Some of the computation would be easy to draw in Logo (as we can tell Logo
quite easily how long to draw lines and which direction to go and when to
draw a line) and some would also be easier to analyse in mathematica (I
can take advantage of my mathematica programming style of tabulation of
variables for variabled k,d,n,total(n) [- here meaning the number of
total non-isorphic cut-outs for a given n or k and d], as well as
hopefully being able to find a nice recursive way for building more
detailed cut-outs with more tiles on the cut-out).

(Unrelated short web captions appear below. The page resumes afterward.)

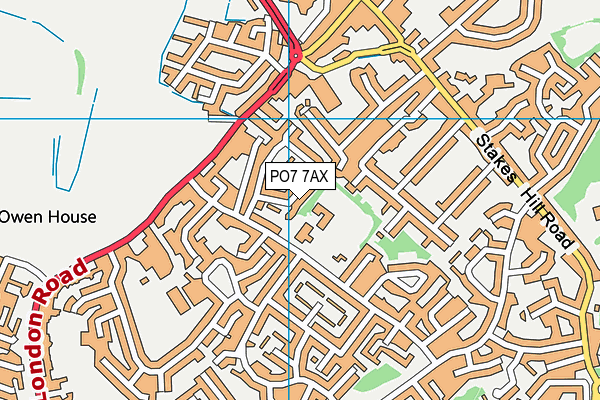 PO7 7AX map - OS VectorMap District (Ordnance Survey)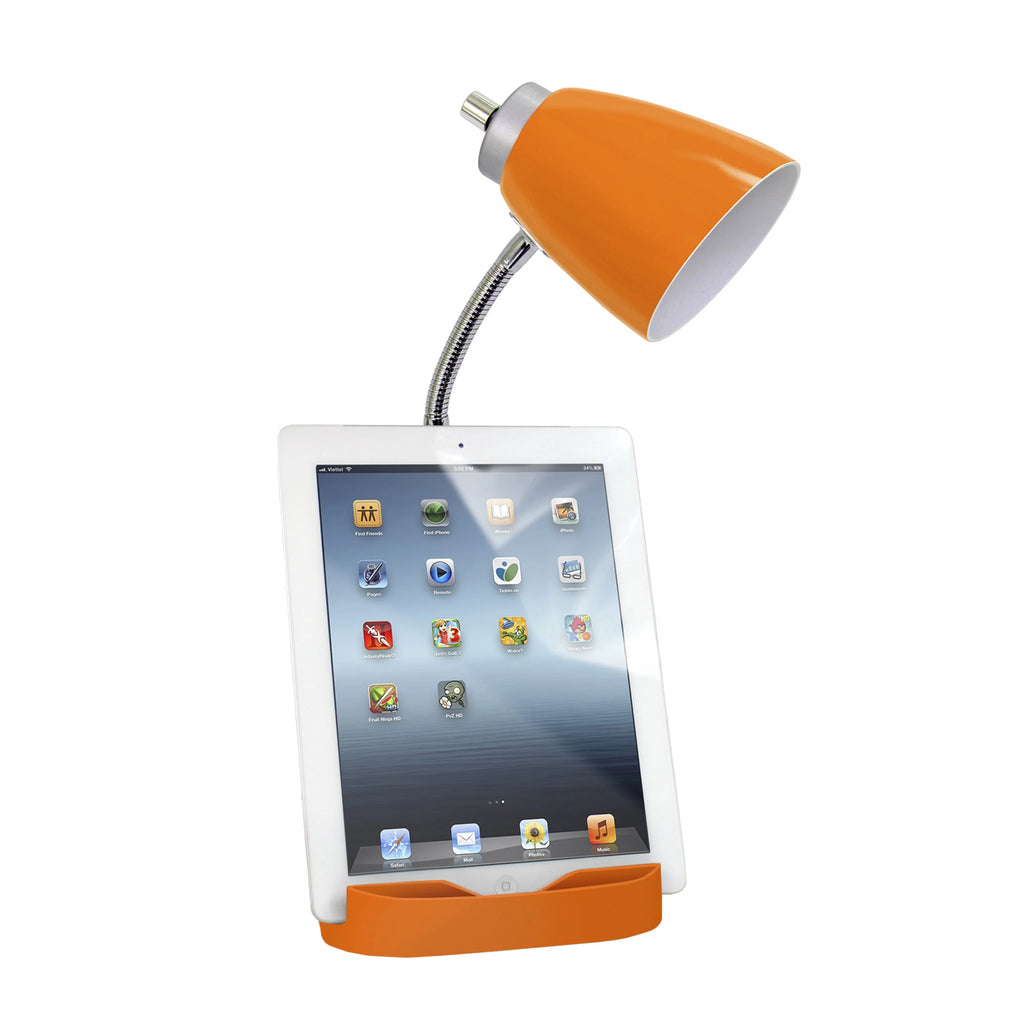 Orange Gooseneck Organizer Desk Lamp with USB port U56346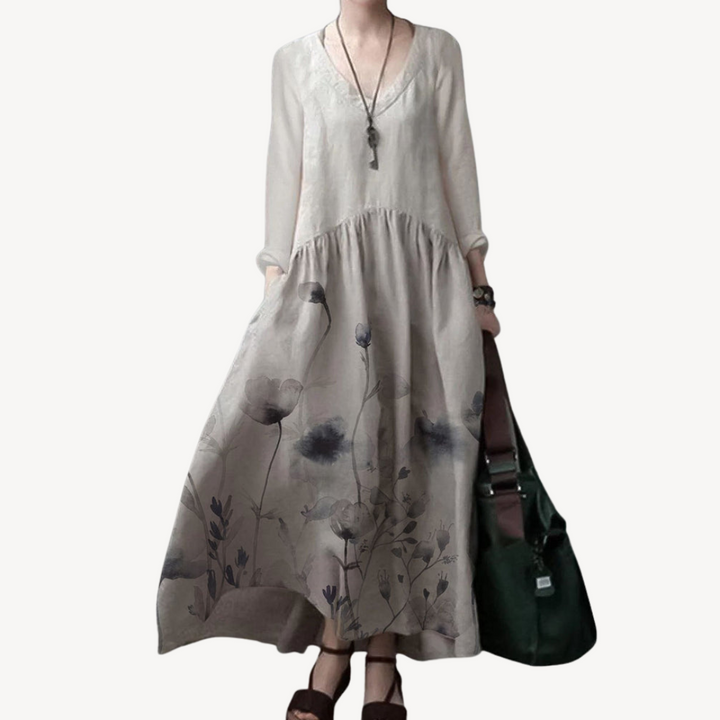 Linen Maxi Dress Women V-Neck Long Sleeve | Loravelle
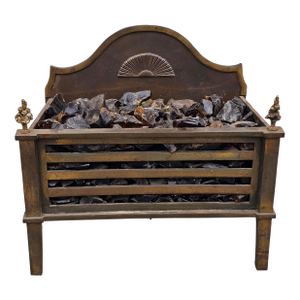 Early 20th Century Federal Style Iron and Brass Fireplace Insert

Apologies that I might have gotten the wrong group, but I thought I'd
compare the 2 programming languages for what I could use each for and
where one may be lacking.
-- Kai G. Gauer --
Thursday Edwin Pilobello says:
EP)Date: Thu, 18 Jul 2002 08:42:32 -0700
EP)Subject: [LogoForum] Graphing Calculators
EP)
EP)that in addition to graphing calculators, that a Mathimatica-type
EP)compliment in Logo would be awesome.